Unusual Jamaican place names...
Saturated. That's best word to describe Accra this Tuesday morning. It had been raining for most of the night, and traffic this morning was pleasantly light - given half a chance I would have stayed in bed too. Again had flashbacks to my childhood - I wonder if per chance this has to do with one of the big birthday's coming up? After all, the first sign (or so they say) of mid life crisis is longing for youth and all things youthful.
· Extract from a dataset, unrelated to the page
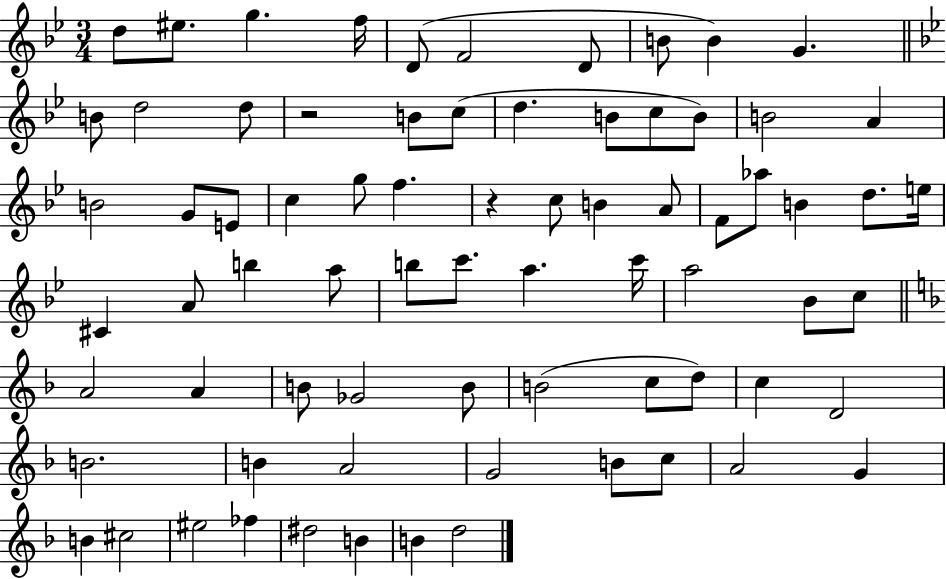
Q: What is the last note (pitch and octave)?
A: D5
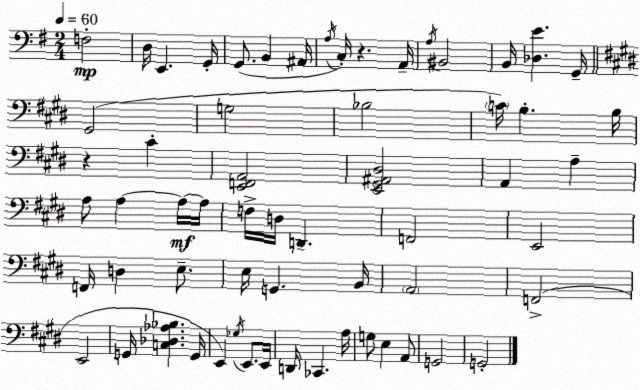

As a child, rainy days at home were spent playing all kind of games with my siblings, me being head-cook-and-bottle-washer as I was the oldest. A favorite of ours was making up nonsensical words - stringing together syllables that would literally twist your tongue, causing the others to roll on the floor with laughter. Sometimes in driving through the Ghanaian country side, I am reminded of those words. The place names registering on my retina but not quite making the connection to tongue and speech.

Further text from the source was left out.